Fortunately, if we just want the MAP estimate, we don't care about the normalizing constant!
It does not affect which values of $\vec{\theta}$ maximize the posterior.
So we have
\[\hat{\vec{\theta}}_\textsc{map} = \argmax_\vec{\theta} p(\vec{\theta})p(x_1, \dots, x_n \given \vec{\theta})\]
Again, if we assume the observations are i.i.d., then we can express this in the equivalent, and possibly friendlier, form
\[\hat{\vec{\theta}}_\textsc{map} = \argmax_\vec{\theta} \left(\log p(\vec{\theta}) + \sum_{i=1}^n \log p(x_i \given \vec{\theta})\right)\]
A particularly nice case is when the prior is chosen carefully such that the posterior comes from the same family as the prior.
In this case the prior is called a \term{conjugate prior}.
For example, if the likelihood is binomial and the prior is beta, the posterior is also beta.
There are many conjugate priors; the reader may find this \href{https://en.wikipedia.org/wiki/Conjugate_prior#Table_of_conjugate_distributions}{table of conjugate priors} useful.

\subsection{The Gaussian distribution}
There are many distributions, but one of particular importance is the \term{Gaussian distribution}, also known as the \term{normal distribution}.
It is a continuous distribution, parameterized by its mean $\bm\mu \in \R^d$ and positive-definite covariance matrix $\mat{\Sigma} \in \R^{d \times d}$, with density
\[p(\x; \bm\mu, \mat{\Sigma}) = \frac{1}{\sqrt{(2\pi)^d \det(\mat{\Sigma})}}\exp\left(-\frac{1}{2}(\x - \bm\mu)\tran\mat{\Sigma}\inv(\x - \bm\mu)\right)\]
Note that in the special case $d = 1$, the density is written in the more recognizable form
\[p(x; \mu, \sigma^2) = \frac{1}{\sqrt{2\pi\sigma^2}}\exp\left(-\frac{(x-\mu)^2}{2\sigma^2}\right)\]
We write $\vec{X} \sim \calN(\bm\mu, \mat{\Sigma})$ to denote that $\vec{X}$ is normally distributed with mean $\bm\mu$ and variance $\mat{\Sigma}$.

\subsubsection{The geometry of multivariate Gaussians}
The geometry of the multivariate Gaussian density is intimately related to the geometry of positive definite quadratic forms, so make sure the material in that section is well-understood before tackling this section.
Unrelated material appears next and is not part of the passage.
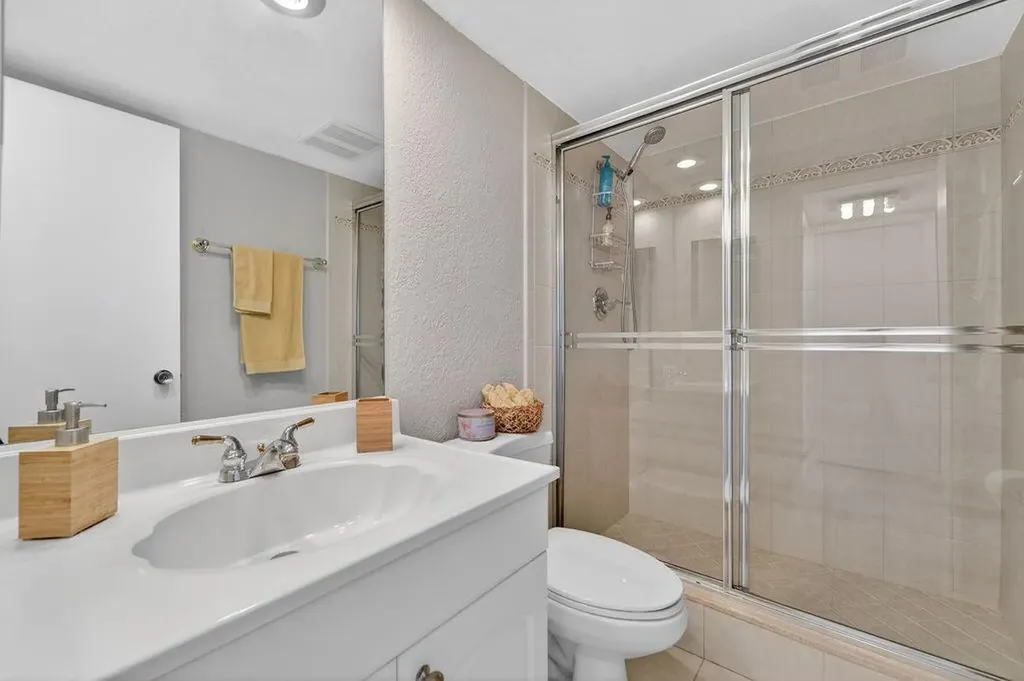 575 Oaks Lane Pompano Beach FL 33069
First observe that the p.d.f. of the multivariate Gaussian can be rewritten as
\[p(\x; \bm\mu, \mat{\Sigma}) = g(\xye\tran\mat{\Sigma}\inv\xye)\]
where $\xye = \x - \bm\mu$ and $g(z) = [(2\pi)^d \det(\mat{\Sigma})]^{-\frac{1}{2}}\exp\left(-\frac{z}{2}\right)$.
Writing the density in this way, we see that after shifting by the mean $\bm\mu$, the density is really just a simple function of its precision matrix's quadratic form.
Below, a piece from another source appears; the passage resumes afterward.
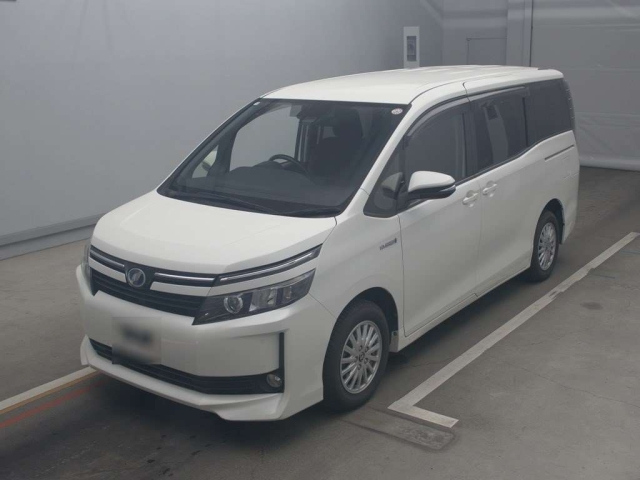 TOYOTA VOXY 2016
Here is a key observation: this function $g$ is \term{strictly monotonically decreasing} in its argument.
That is, $g(a) > g(b)$ whenever $a < b$.
Therefore, small values of $\xye\tran\mat{\Sigma}\inv\xye$ (which generally correspond to points where $\xye$ is closer to $\vec{0}$, i.e. $\x \approx \bm\mu$) have relatively high probability densities, and vice-versa.
Furthermore, because $g$ is \textit{strictly} monotonic, it is injective, so the $c$-isocontours of $p(\x; \bm\mu, \mat{\Sigma})$ are the $g\inv(c)$-isocontours of the function $\x \mapsto \xye\tran\mat{\Sigma}\inv\xye$.
That is, for any $c$,
\[\{\x \in \R^d : p(\x; \bm\mu, \mat{\Sigma}) = c\} = \{\x \in \R^d : \xye\tran\mat{\Sigma}\inv\xye = g\inv(c)\}\]
In words, these functions have the same isocontours but different isovalues.
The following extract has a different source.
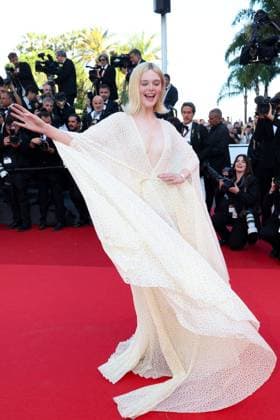 J MontÃ e des marches pour la cÃ rÃ monie de clÃ ture du 77eme Festival International du Film de Cannes au Palais des Festivals Ã Cannes Elle Fanning MontÃ e des marches pour la cÃ rÃ monie de clÃ ture du 77eme Festival International du Film de Cannes au Palais des Festivals Ã Cannes On may 25th 2024 Jacovides Moreau Bestimage Red carpet for the closing ceremony of the 77th Cannes International Film Festival at the Palais des Festivals in Cannes, France On may 25th 2024 Cannes France  Copyright: xJACOVIDES-MOREAUx xBESTIMAGExJACOVIDES-MOREAUx xBESTIMAGEx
Recall the executive summary of the geometry of positive definite quadratic forms: the isocontours of $f(\x) = \x\tran\A\x$ are ellipsoids such that the axes point in the directions of the eigenvectors of $\A$, and the lengths of these axes are proportional to the inverse square roots of the corresponding eigenvalues.
Therefore in this case, the isocontours of the density are ellipsoids (centered at $\bm\mu$) with axis lengths proportional to the inverse square roots of the eigenvalues of $\mat{\Sigma}\inv$, or equivalently, the square roots of the eigenvalues of $\mat{\Sigma}$.